#### [DATA]
========
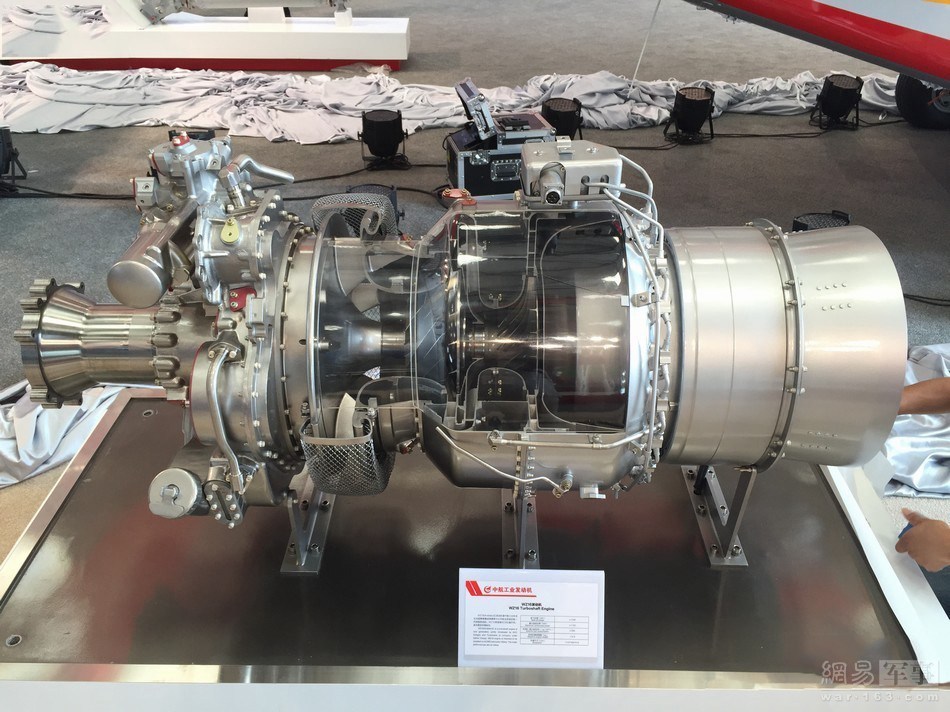 第三届中国天津国际直升机博览会（2015直博会）9月9日在天津开幕。现场除了以实机形式展出的各类直升机外，航空发动机也是人们关注的焦点。在中航工业展区，展出了最新型涡轴-16发动机模型。做工精湛！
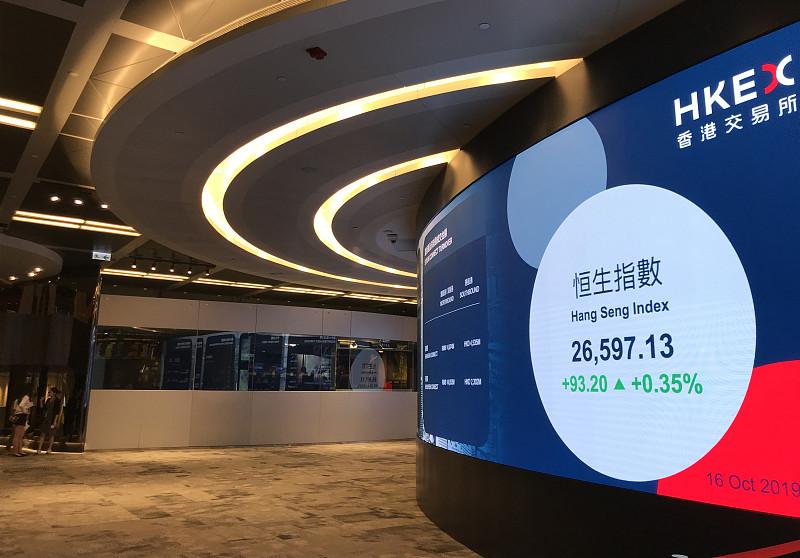 港股早盘震荡下行，大盘整体开局偏软，涨跌分化态势突出。行情数据显示，恒生指数开盘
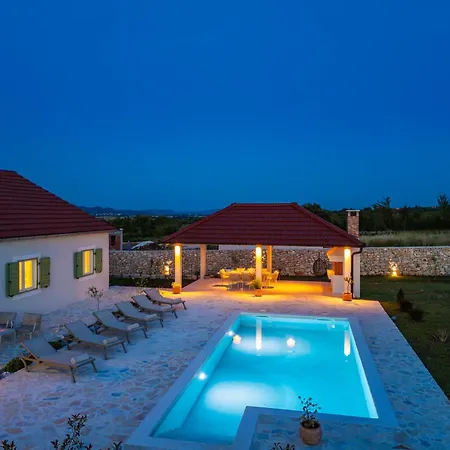 Mariseta Heritage - With Pool And Jacuzzi New Villa
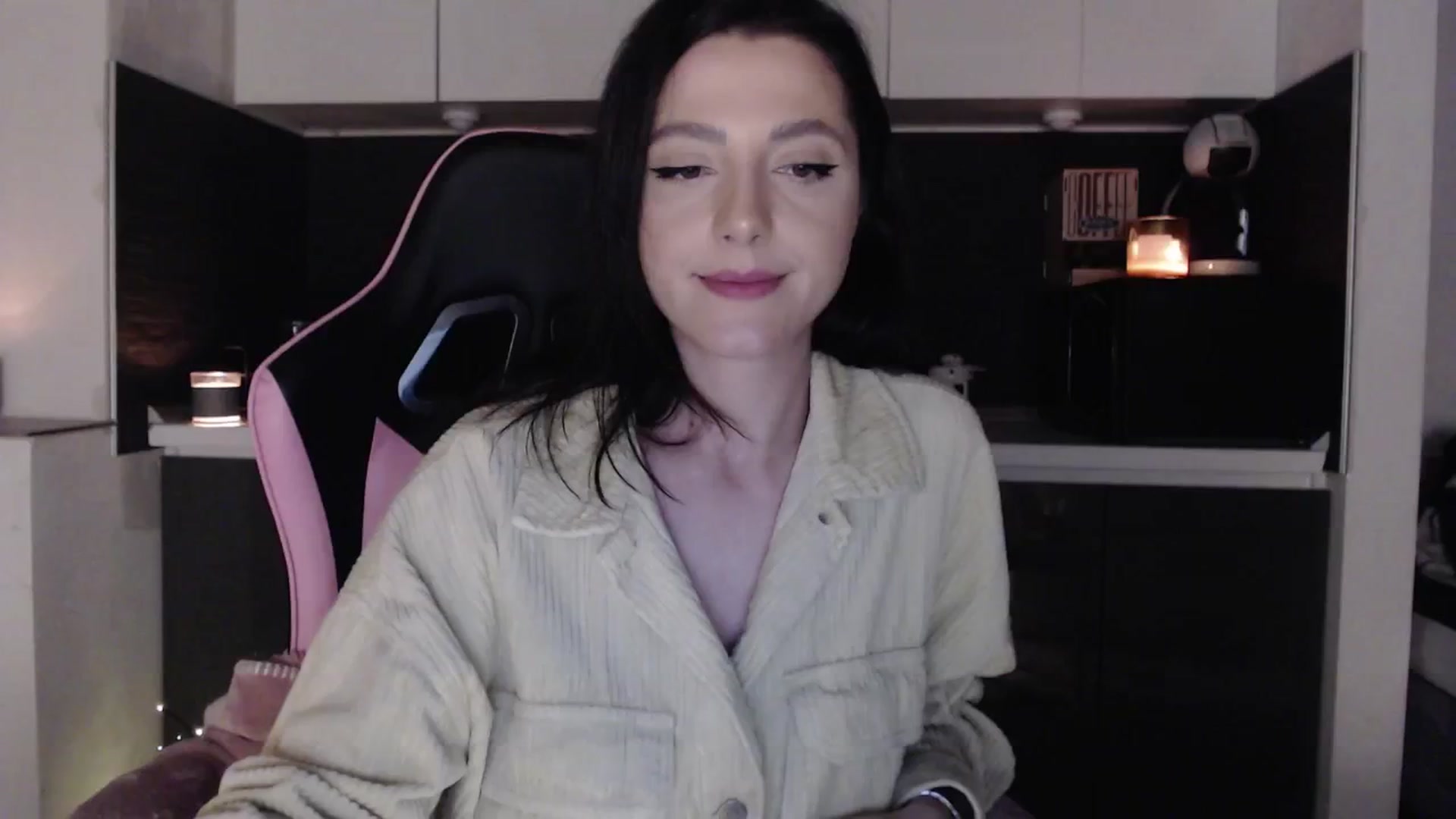 Gallery image thumbnail from IamNOTbaby's myfreecams stream on, 05/18/2024, 02:18 image 2 of 20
========
#### [DESCRIPTION OF THE TASK]
Copy all the material exactly; omit images.

#### [FINAL ANSWER]
 第三届中国天津国际直升机博览会（2015直博会）9月9日在天津开幕。现场除了以实机形式展出的各类直升机外，航空发动机也是人们关注的焦点。在中航工业展区，展出了最新型涡轴-16发动机模型。做工精湛！
 港股早盘震荡下行，大盘整体开局偏软，涨跌分化态势突出。行情数据显示，恒生指数开盘
 Mariseta Heritage - With Pool And Jacuzzi New Villa
 Gallery image thumbnail from IamNOTbaby's myfreecams stream on, 05/18/2024, 02:18 image 2 of 20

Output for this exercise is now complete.